Change 433153 merged by Andrew Bogott:
[operations/puppet@production] openstack: move nova-api and nova-network functions to labnet1001

https://gerrit.wikimedia.org/r/433153

NOTICE: current situation is labnet1002 as a SPOF

We ran through our normal procedure to fail traffic from labnet1002 back to labnet1001 (post move this morning). Labnet1001 saw incoming traffic from external parties hit eth0 but could not route that to any instances. The bridge interface and addressing came up for br1102 and the gateway IP transferred but still no connectivity. I looked at eth1 there and the corresponding switch interface and did not see anything that immediately made me think this was a quick fix so we decided to move traffic back to labnet1002.

In order to debug we pulled a not-in-use IP from the instance range and assigned it to the VLAN subinterface of eth1.1102 on labnet1001 which should then be able to connect to instances. This is currently not successful in doing so which I believe demonstrates the same failure we saw during failover.
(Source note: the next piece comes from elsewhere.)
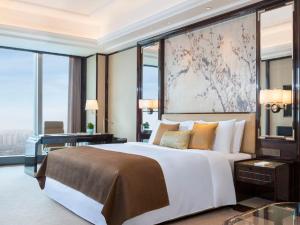 长沙长沙瑞吉酒店的一间卧室配有一张大床、一张书桌和窗户。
labnet1001:~# ip addr add 10.68.23.183/21 dev eth1.1102

labnet1001:~# ip link show eth1.1102

4: eth1.1102@eth1: <BROADCAST,MULTICAST,UP,LOWER_UP> mtu 1500 qdisc noqueue state UP mode DEFAULT group default qlen 1000
    link/ether 00:0a:f7:50:42:2a brd ff:ff:ff:ff:ff:ff

labnet1001:~# ip route show

default via 10.64.20.1 dev eth0
10.64.20.0/24 dev eth0  proto kernel  scope link  src 10.64.20.13
10.68.16.0/21 dev eth1.1102  proto kernel  scope link  src 10.68.23.183

login.tools.wmflabs.org has address 208.80.155.163
tools-bastion-03.tools.eqiad.wmflabs has address 10.68.23.58

(this should work)

root@labnet1001:~# ping -c 3 10.68.23.58
PING 10.68.23.58 (10.68.23.58) 56(84) bytes of data.
From 10.68.23.183 icmp_seq=1 Destination Host Unreachable
From 10.68.23.183 icmp_seq=2 Destination Host Unreachable
From 10.68.23.183 icmp_seq=3 Destination Host Unreachable

cloud-instances1-b-eqiad was not trunked between asw2 and asw, it is now.
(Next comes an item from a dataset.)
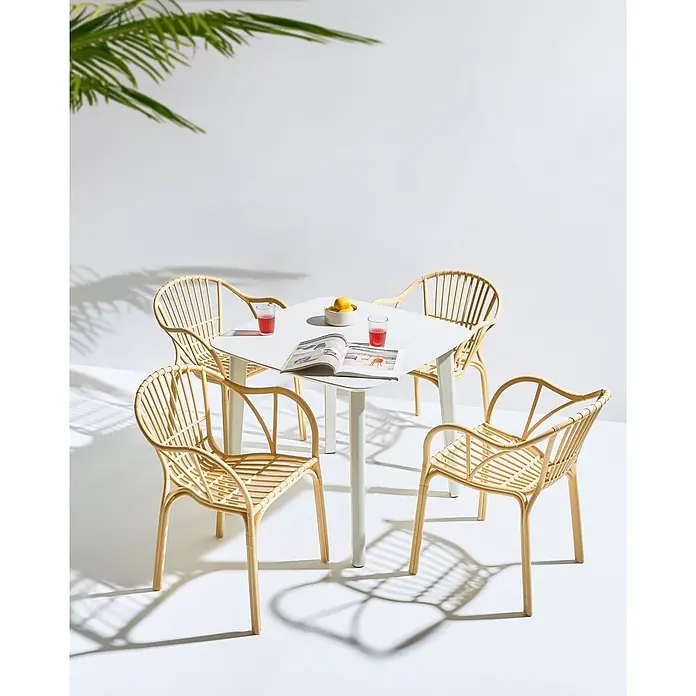 4er-Set Esszimmerstuhl ANDORA in Beige -  - Outdoor-Essgruppe mit weißem Tisch und vier hellen Rattanstühlen, dekoriert mit Getränken und einer Zeitschrift.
cloud-instances1-b-eqiad was not trunked between asw2 and asw, it is now.

Thanks man.

Looks good:

root@labnet1001:~# ping -c 3 10.68.23.58
PING 10.68.23.58 (10.68.23.58) 56(84) bytes of data.
64 bytes from 10.68.23.58: icmp_seq=1 ttl=64 time=0.886 ms
64 bytes from 10.68.23.58: icmp_seq=2 ttl=64 time=0.311 ms
64 bytes from 10.68.23.58: icmp_seq=3 ttl=64 time=0.281 ms

Change 433383 had a related patch set uploaded (by Andrew Bogott; owner: Andrew Bogott):
[operations/puppet@production] openstack: move nova-api and nova-network functions to labnet1001

https://gerrit.wikimedia.org/r/433383

Change 433383 merged by Andrew Bogott:
[operations/puppet@production] openstack: move nova-api and nova-network functions to labnet1001

https://gerrit.wikimedia.org/r/433383

@Cmjohnson, all set for you to move labnet1002 now.

@Andrew This was completed...if all is well please resolve.

Vvjjkkii renamed this task from Update and move labnet1001/1002 to 4tdaaaaaaa.Jul 1 2018, 1:12 AM
Vvjjkkii reopened this task as Open.
Vvjjkkii removed Cmjohnson as the assignee of this task.
Vvjjkkii raised the priority of this task from Medium to High.
Vvjjkkii updated the task description. (Show Details)
Vvjjkkii edited subscribers, added: Cmjohnson; removed: gerritbot, Aklapper.
Yann renamed this task from 4tdaaaaaaa to Update and move labnet1001/1002.Jul 1 2018, 1:34 PM
Yann closed this task as Resolved.
Yann assigned this task to Cmjohnson.
Yann lowered the priority of this task from High to Medium.
Yann updated the task description. (Show Details)
Yann edited subscribers, added: gerritbot, Aklapper; removed: Cmjohnson.